The Savage Detectives v. Let the Northern Lights Erase Your Name
presented by
ROUND ONE
The Savage Detectives
v. Let the Northern Lights Erase Your Name
Judged by Elizabeth Kiem
TMN Contributing Writer Elizabeth Kiem is a freelance book critic and very discriminating reader, despite the fact that if you Google her, the first hit you’ll get is “Bookslut.” She’s a member of the National Book Critics Circle, a reputable body that still hasn’t gotten on the poultry-as-prize bandwagon. She just finished reviewing a dozen unpublished manuscripts for Amazon and likes the ToB entries mostly because they are all bound. When she’s not reading, she produces videos for UNICEF. Connections to this year’s competitors: None known.
I spent a long afternoon into evening with Vendela Vida’s curious and implausible tale, seeing where it was going even as I wondered why it would go there, and trying hard not to imagine Jennifer Aniston as the lead in the Hollywood version. Then I spent a couple of weekends slogging through the cacophony of witnesses recalling the elusive subjects of Roberto Bolaño’s much-touted masterpiece, in which every third character is an obvious role for Gael García Bernal.
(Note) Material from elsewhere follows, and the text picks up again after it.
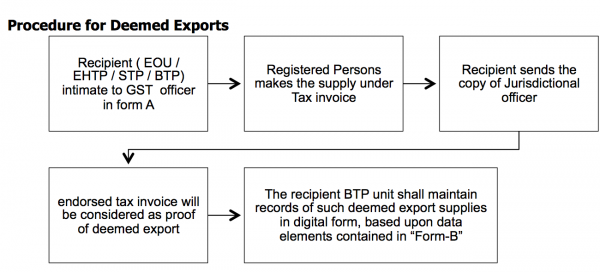 export import merchant export import merchant
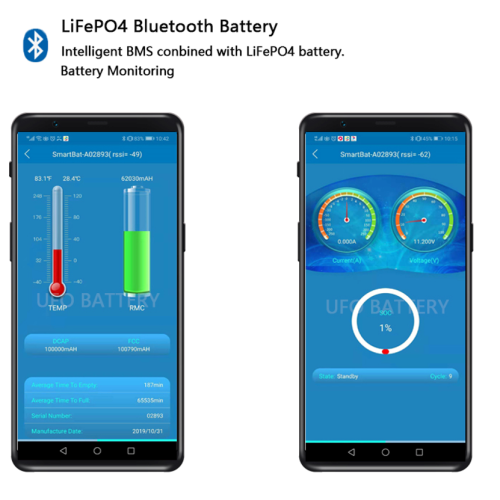 Excellente batterie lithium-ion 12v 200ah de sécurité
Apples and oranges have more in common than these two authors—Spanish-inflected surnames notwithstanding. Perhaps because all the world over, a beatnik is a beatnik—and a Believer something else entirely.
The Savage Detectives is complex, intellectual, and cool. I’m sure if I were to reread it I would pick up many subtleties and ambitions. Possibly, also, its importance—of which I’m passively convinced, but which has eluded me.
Let the Northern Lights Erase Your Name is unique and scrupulous. There is no mystery to this message-driven novel. It has a lingering atmosphere (being all Arctic, native, and spooky) but no lasting questions.
So it comes to this: The world (and my bookcase) is full of carefully crafted puzzles and dense, demanding novels that must, and will, be read again and again. As such, they (being Bely and Faulkner, Sebald and Pavic, Gaddis and Gadda) are the darlings of my personal library. But I will not be re-reading Bolaño, because his playfulness is coarse and his crypticism is narrow.
The winner is Let the Northern Lights Erase Your Name—a peculiar story that I will never re-read, because it was completely satisfactory the first time through. And these days, I’m all about immediate gratification and simple pleasures. Besides, I have to save my reader’s ambition for the new translation of War and Peace someone gave me for Christmas.
Advancing:
Let the Northern Lights Erase Your Name
Match Commentary
with Kevin Guilfoile and John Warner
JOHN: My bias in favor of Vendela Vida has been previously revealed, so let me just say, “Yay!”
One of my favorite aspects of the Tournament of Books is this sort of pairing, where a big, complicated, dare I say “difficult,” book gets matched up against something lean and quick-moving. I haven’t read The Savage Detectives, but I polished off Let the Northern Lights Erase Your Name in a day. The story is literally linear, following the narrator’s (Clarissa) journey as she explores the central mystery of her life. Her story is experienced by the reader as we follow in her shoes. The emotions accrue, until the climax and conclusion, which hits (or hit me anyway) with a wallop. It does what good books should do.
Or, maybe good books should challenge us, push us to the limits of our abilities as readers and thinking creatures as fans of The Savage Detectives say it does.
Or, maybe books should focus on publishing pictures of people with their guns.
All of this is to say: Thank God there’s enough books around out there for everyone.
KEVIN: I know a lot of people who really love The Savage Detectives and I know even more people who absolutely despise it. In thinking about this match-up, I realized that most of the people I know who love it are men, and most of the people who hate it are women. In fact the most shocking thing about this minor upset (as of this writing there is actually more money for charity bet on Vida than Bolaño) is Elizabeth Kiem’s relative indifference to it.
The gender gap could be a problem for Bolaño in this market because recent surveys by the major publishers have shown that the only adult American men who read fiction for pleasure anymore are you, me, and the nine male judges in this tourney. The only categories of books men reliably read anymore are memoirs by disgraced CEOs and compilations of video game cheat codes. Which is why I am proud to be writing the introduction to the upcoming book, Jeffrey Skilling’s Sick Gears of War Hacks: 115 Shortcuts to Helping Your Company Take Down Your Company.
On the other hand, if you look at the Amazon blog for the photographer of Armed America, you will see that he recently attracted a German publisher for that book. I have no idea what it means that there is demand among Germans for looking at pictures of Americans sitting at home in their Sunday-going-to-meeting clothes holding their sniper rifles. I think I actually take a little comfort in that.